L’élégance n’est pas morte, elle s’est simplement réfugiée dans le studio d’Alex Puddu. Multi-instrumentiste italien exilé au Danemark, le producteur revient ce 8 mai 2026 avec Francia Meccanica, un neuvième album qui agit comme un shoot de nostalgie sophistiquée. Sous le label Al Dente Music, Puddu délaisse un temps ses amours pour le cinéma érotique des années 70 afin d’explorer la « disco-electronica » racée du tournant des années 90.
Véritable récit gothique moderne, l’album nous plonge dès l’ouverture, « Notte In Riviera », dans une déambulation moite sur les côtes françaises. On y croise une femme vampire séduisante, métaphore d’un désir incontrôlable qui innerve tout le disque. Le morceau « Parigi Perversa », porté par la voix de la chanteuse Imelda, s’impose déjà comme un sommet : une course-poursuite désespérée dans un Paris de péchés et de confessions, quelque part entre la mélancolie de Massive Attack et l’énergie brute de Stereophonics.
Musicalement, l’objet est organique et vibrant.
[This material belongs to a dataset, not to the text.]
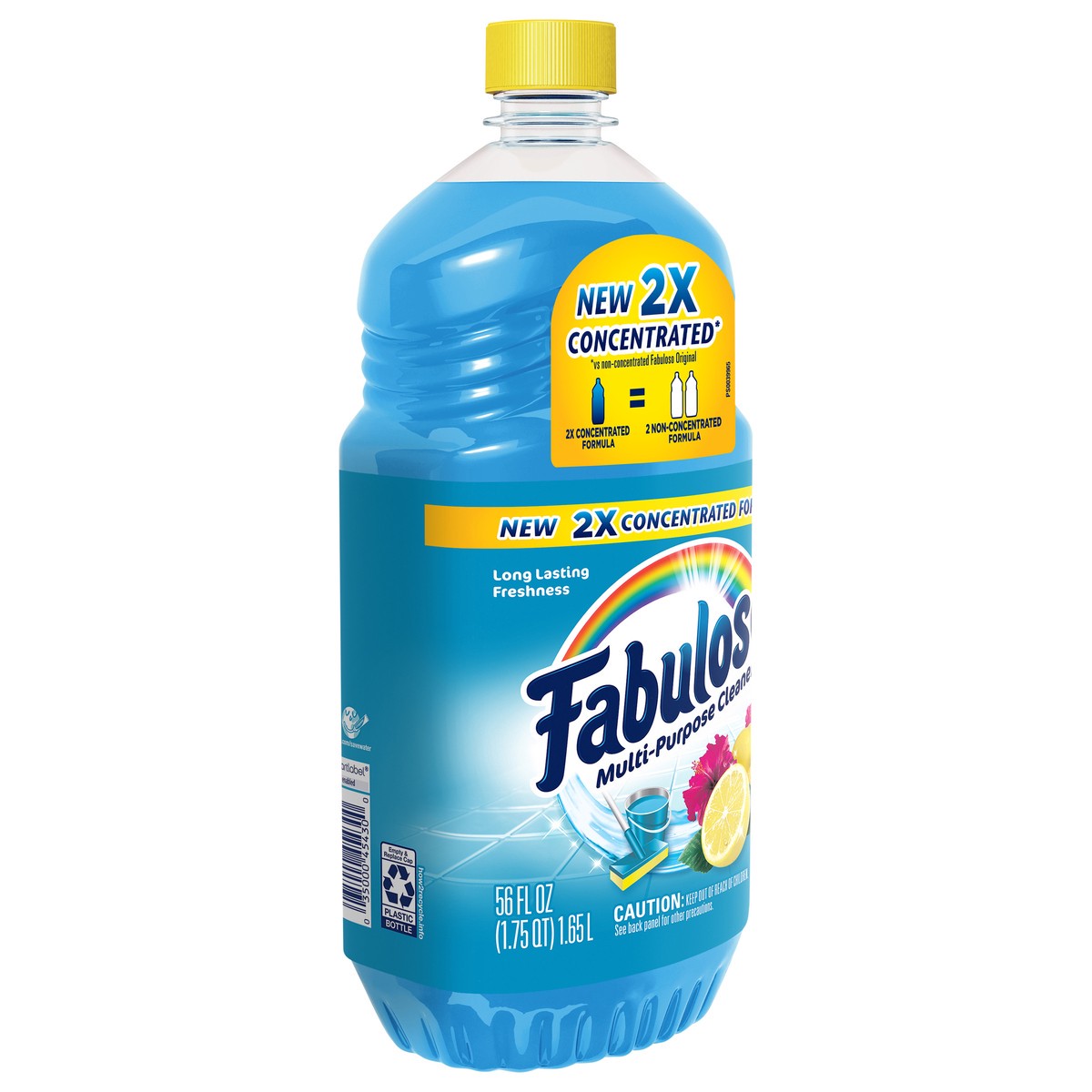 slide 4 of 9, Fabuloso Multi-Purpose Cleaner, 2X Concentrated Formula, Tropical Spring Scent, 56 Oz., 56 fl oz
Puddu, qui assure batterie, claviers et guitares, livre sur « Trasgressiva » un solo étincelant rappelant les grandes heures des Isley Brothers. Entre lignes de basse funky, saxophones acides et murmures érotiques bilingues, le disque oscille entre l’hédonisme des clubs (« L’Amour Dangereux ») et l’intimité d’un film noir minimaliste (« Dolce e Violenta »).
Avec Francia Meccanica, Alex Puddu ne se contente pas de recycler des codes ; il distille une pop-disco solaire et transgressive. Un cocktail irrésistible de synthétiseurs scintillants et d’évasion hédoniste, parfait pour accompagner nos nuits de cavale et nos aubes incertaines.